_Given data_.
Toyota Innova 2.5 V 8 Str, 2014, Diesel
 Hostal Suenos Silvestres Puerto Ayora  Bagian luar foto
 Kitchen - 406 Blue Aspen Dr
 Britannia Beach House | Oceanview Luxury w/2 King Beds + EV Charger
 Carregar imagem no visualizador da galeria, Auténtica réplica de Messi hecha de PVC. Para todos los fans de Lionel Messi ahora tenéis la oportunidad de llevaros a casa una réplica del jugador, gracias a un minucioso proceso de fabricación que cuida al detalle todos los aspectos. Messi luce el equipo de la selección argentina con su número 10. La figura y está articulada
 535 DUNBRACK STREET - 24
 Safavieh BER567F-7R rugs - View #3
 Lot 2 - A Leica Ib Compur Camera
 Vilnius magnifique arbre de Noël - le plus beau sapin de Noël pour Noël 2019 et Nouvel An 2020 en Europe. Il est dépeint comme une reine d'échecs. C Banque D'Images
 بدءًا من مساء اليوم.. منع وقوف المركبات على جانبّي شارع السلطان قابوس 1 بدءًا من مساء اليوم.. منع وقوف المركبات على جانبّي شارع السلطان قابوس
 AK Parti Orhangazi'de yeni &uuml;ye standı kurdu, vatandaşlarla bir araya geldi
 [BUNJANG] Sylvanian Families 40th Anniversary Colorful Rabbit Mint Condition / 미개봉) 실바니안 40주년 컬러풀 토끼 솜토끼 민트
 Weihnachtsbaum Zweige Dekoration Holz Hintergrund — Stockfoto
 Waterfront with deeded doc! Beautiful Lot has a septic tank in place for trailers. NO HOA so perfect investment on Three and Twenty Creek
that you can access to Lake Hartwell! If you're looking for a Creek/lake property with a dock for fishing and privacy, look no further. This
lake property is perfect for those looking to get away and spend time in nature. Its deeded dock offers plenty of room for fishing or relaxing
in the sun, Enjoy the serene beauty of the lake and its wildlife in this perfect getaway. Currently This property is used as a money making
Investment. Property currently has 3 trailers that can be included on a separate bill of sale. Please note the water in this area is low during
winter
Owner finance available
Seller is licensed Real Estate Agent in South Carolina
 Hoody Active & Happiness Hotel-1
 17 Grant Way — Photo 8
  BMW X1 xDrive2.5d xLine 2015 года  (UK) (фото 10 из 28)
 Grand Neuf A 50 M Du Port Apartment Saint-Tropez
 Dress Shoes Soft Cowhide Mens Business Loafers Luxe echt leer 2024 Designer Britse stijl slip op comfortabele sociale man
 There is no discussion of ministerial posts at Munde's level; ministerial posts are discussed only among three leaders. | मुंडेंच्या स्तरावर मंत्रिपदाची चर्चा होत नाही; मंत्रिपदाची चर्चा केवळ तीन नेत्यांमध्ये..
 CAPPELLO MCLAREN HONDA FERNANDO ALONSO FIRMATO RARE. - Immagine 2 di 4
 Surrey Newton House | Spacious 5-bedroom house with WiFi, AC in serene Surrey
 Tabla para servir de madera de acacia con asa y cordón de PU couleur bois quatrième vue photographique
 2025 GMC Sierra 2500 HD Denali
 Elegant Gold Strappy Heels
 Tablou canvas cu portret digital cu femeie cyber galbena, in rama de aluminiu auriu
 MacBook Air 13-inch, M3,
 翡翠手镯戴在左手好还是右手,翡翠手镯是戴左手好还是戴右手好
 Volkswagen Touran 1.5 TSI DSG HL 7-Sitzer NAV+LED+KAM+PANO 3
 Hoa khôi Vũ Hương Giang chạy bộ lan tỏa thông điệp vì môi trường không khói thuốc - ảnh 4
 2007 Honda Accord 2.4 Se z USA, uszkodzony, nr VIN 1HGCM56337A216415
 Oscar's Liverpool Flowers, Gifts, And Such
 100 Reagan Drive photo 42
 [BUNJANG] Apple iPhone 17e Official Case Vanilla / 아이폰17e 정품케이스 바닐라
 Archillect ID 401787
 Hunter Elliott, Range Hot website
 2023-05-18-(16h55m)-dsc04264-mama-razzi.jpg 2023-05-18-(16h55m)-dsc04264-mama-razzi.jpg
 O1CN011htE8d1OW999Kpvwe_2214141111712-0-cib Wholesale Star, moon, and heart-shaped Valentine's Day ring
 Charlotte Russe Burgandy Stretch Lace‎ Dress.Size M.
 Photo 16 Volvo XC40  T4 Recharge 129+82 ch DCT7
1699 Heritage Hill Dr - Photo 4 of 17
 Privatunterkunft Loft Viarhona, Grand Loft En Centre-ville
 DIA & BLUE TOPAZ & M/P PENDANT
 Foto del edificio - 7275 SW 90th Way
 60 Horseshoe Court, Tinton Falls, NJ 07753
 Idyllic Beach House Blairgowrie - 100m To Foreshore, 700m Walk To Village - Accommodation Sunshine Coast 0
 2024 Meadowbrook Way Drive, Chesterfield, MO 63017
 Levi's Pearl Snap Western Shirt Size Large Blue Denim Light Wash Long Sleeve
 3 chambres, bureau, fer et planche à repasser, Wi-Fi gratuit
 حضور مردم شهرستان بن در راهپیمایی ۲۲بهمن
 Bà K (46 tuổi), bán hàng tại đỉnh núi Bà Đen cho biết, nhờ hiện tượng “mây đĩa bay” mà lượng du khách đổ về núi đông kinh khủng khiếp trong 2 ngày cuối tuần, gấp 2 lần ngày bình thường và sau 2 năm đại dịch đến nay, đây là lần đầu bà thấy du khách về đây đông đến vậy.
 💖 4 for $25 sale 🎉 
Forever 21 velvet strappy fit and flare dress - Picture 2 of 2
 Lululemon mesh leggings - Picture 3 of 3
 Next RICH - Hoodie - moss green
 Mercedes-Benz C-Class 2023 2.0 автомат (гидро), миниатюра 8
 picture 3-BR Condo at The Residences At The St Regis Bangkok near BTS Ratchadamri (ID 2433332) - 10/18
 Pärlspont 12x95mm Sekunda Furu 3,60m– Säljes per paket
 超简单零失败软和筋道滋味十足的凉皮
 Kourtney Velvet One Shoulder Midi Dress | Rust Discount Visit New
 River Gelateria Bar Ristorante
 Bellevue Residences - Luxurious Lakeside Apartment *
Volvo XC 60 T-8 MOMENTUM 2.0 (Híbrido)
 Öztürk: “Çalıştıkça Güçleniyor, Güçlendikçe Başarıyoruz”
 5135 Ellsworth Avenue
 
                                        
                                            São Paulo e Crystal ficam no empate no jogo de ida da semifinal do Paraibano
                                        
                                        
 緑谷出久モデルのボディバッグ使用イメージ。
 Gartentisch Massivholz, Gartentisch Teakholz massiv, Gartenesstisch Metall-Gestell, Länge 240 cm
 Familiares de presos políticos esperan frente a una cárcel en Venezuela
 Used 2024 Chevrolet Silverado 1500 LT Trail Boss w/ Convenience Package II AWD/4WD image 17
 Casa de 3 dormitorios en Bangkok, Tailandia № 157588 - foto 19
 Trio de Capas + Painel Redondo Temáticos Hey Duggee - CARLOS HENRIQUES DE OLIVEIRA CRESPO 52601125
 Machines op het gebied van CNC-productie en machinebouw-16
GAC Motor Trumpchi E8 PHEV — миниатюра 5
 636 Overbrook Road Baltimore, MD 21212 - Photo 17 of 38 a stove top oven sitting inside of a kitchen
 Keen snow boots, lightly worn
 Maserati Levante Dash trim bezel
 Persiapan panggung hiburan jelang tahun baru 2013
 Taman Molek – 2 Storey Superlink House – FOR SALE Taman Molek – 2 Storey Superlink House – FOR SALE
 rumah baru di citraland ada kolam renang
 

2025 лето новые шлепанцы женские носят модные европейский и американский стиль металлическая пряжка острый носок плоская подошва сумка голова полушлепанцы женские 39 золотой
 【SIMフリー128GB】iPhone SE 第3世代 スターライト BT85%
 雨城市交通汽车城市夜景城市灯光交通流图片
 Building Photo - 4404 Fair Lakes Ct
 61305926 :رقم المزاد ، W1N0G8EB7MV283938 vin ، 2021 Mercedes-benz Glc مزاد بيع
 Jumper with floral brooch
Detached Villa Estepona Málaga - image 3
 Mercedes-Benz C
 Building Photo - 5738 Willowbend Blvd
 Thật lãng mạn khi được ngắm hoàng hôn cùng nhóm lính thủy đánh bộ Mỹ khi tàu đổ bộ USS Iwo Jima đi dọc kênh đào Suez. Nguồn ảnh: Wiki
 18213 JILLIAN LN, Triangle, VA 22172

_What to work on_. Retype the entries above exactly, but only from the line containing "that you can" through the line containing "BMW X1 xDrive2.5d", both included.

_Answer to the problem_.
that you can access to Lake Hartwell! If you're looking for a Creek/lake property with a dock for fishing and privacy, look no further. This
lake property is perfect for those looking to get away and spend time in nature. Its deeded dock offers plenty of room for fishing or relaxing
in the sun, Enjoy the serene beauty of the lake and its wildlife in this perfect getaway. Currently This property is used as a money making
Investment. Property currently has 3 trailers that can be included on a separate bill of sale. Please note the water in this area is low during
winter
Owner finance available
Seller is licensed Real Estate Agent in South Carolina
 Hoody Active & Happiness Hotel-1
 17 Grant Way — Photo 8
  BMW X1 xDrive2.5d xLine 2015 года  (UK) (фото 10 из 28)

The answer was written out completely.